→ WHAT IS NEEDED
Type again, exactly, the lines below from the start through the line that includes "Piper Looms Chantille".

==== DATA SUPPLIED

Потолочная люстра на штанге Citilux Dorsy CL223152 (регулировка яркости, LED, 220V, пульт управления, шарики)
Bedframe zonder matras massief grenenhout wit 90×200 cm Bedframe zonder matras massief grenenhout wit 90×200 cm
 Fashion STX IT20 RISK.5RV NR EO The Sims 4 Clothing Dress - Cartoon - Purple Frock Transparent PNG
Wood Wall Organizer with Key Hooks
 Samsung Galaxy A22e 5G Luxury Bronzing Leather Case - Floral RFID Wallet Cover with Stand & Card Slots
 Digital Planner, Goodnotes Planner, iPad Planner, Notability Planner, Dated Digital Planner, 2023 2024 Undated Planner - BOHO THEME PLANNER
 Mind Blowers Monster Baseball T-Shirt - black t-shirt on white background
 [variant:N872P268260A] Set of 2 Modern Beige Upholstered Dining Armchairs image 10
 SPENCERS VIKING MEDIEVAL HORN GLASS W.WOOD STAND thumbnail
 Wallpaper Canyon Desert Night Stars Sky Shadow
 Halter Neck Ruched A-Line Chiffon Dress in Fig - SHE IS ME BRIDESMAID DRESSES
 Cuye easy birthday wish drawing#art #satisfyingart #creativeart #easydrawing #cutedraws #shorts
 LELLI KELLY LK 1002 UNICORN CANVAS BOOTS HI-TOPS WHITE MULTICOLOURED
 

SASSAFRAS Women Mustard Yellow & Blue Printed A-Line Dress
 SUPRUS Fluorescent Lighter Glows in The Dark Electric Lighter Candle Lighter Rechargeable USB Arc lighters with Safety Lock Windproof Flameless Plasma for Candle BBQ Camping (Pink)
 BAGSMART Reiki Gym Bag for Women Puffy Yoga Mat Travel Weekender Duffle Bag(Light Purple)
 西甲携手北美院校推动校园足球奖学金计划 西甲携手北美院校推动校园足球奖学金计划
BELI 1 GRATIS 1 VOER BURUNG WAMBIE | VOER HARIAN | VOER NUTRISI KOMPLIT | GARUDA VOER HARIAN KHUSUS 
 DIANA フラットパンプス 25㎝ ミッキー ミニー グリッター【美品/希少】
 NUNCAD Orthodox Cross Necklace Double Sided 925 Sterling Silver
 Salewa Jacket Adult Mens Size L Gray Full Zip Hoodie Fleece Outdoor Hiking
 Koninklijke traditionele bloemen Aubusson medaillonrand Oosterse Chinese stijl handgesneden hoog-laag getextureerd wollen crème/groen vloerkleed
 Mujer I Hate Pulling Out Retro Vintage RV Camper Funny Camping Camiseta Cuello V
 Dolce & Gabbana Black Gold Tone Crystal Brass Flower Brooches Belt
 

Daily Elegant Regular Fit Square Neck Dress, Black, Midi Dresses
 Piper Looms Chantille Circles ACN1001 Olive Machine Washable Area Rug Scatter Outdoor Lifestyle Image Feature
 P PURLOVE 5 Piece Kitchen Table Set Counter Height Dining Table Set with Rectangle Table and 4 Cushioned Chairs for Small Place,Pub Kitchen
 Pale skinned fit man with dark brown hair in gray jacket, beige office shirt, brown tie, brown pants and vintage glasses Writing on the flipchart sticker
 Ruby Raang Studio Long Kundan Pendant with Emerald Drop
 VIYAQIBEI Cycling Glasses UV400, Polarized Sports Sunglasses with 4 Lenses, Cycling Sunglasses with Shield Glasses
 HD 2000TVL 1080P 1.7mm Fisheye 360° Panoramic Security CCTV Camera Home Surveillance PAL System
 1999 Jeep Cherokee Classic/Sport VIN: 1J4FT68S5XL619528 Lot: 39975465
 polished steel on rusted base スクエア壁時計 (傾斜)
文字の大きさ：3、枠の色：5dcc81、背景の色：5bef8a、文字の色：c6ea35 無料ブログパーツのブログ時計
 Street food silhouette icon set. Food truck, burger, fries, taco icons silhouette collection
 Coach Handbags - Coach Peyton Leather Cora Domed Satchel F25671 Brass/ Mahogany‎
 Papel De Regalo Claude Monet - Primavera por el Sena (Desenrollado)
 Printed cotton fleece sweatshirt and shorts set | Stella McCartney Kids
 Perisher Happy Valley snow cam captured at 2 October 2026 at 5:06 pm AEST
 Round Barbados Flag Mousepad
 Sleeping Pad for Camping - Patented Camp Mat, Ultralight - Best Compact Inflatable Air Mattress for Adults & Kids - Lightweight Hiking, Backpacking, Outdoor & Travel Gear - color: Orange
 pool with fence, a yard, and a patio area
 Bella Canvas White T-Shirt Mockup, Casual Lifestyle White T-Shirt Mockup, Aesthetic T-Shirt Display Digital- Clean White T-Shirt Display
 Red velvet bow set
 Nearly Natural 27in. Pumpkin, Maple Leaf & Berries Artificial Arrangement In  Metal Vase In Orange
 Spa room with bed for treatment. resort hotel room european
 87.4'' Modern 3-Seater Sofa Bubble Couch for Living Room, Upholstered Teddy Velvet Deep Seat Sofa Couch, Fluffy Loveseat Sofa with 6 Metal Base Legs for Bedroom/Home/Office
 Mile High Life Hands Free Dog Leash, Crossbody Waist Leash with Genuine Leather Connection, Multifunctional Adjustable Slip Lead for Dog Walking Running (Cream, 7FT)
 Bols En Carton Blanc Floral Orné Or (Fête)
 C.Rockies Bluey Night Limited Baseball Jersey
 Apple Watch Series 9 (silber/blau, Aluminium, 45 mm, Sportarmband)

========

→ THE ANSWER
Потолочная люстра на штанге Citilux Dorsy CL223152 (регулировка яркости, LED, 220V, пульт управления, шарики)
Bedframe zonder matras massief grenenhout wit 90×200 cm Bedframe zonder matras massief grenenhout wit 90×200 cm
 Fashion STX IT20 RISK.5RV NR EO The Sims 4 Clothing Dress - Cartoon - Purple Frock Transparent PNG
Wood Wall Organizer with Key Hooks
 Samsung Galaxy A22e 5G Luxury Bronzing Leather Case - Floral RFID Wallet Cover with Stand & Card Slots
 Digital Planner, Goodnotes Planner, iPad Planner, Notability Planner, Dated Digital Planner, 2023 2024 Undated Planner - BOHO THEME PLANNER
 Mind Blowers Monster Baseball T-Shirt - black t-shirt on white background
 [variant:N872P268260A] Set of 2 Modern Beige Upholstered Dining Armchairs image 10
 SPENCERS VIKING MEDIEVAL HORN GLASS W.WOOD STAND thumbnail
 Wallpaper Canyon Desert Night Stars Sky Shadow
 Halter Neck Ruched A-Line Chiffon Dress in Fig - SHE IS ME BRIDESMAID DRESSES
 Cuye easy birthday wish drawing#art #satisfyingart #creativeart #easydrawing #cutedraws #shorts
 LELLI KELLY LK 1002 UNICORN CANVAS BOOTS HI-TOPS WHITE MULTICOLOURED
 

SASSAFRAS Women Mustard Yellow & Blue Printed A-Line Dress
 SUPRUS Fluorescent Lighter Glows in The Dark Electric Lighter Candle Lighter Rechargeable USB Arc lighters with Safety Lock Windproof Flameless Plasma for Candle BBQ Camping (Pink)
 BAGSMART Reiki Gym Bag for Women Puffy Yoga Mat Travel Weekender Duffle Bag(Light Purple)
 西甲携手北美院校推动校园足球奖学金计划 西甲携手北美院校推动校园足球奖学金计划
BELI 1 GRATIS 1 VOER BURUNG WAMBIE | VOER HARIAN | VOER NUTRISI KOMPLIT | GARUDA VOER HARIAN KHUSUS 
 DIANA フラットパンプス 25㎝ ミッキー ミニー グリッター【美品/希少】
 NUNCAD Orthodox Cross Necklace Double Sided 925 Sterling Silver
 Salewa Jacket Adult Mens Size L Gray Full Zip Hoodie Fleece Outdoor Hiking
 Koninklijke traditionele bloemen Aubusson medaillonrand Oosterse Chinese stijl handgesneden hoog-laag getextureerd wollen crème/groen vloerkleed
 Mujer I Hate Pulling Out Retro Vintage RV Camper Funny Camping Camiseta Cuello V
 Dolce & Gabbana Black Gold Tone Crystal Brass Flower Brooches Belt
 

Daily Elegant Regular Fit Square Neck Dress, Black, Midi Dresses
 Piper Looms Chantille Circles ACN1001 Olive Machine Washable Area Rug Scatter Outdoor Lifestyle Image Feature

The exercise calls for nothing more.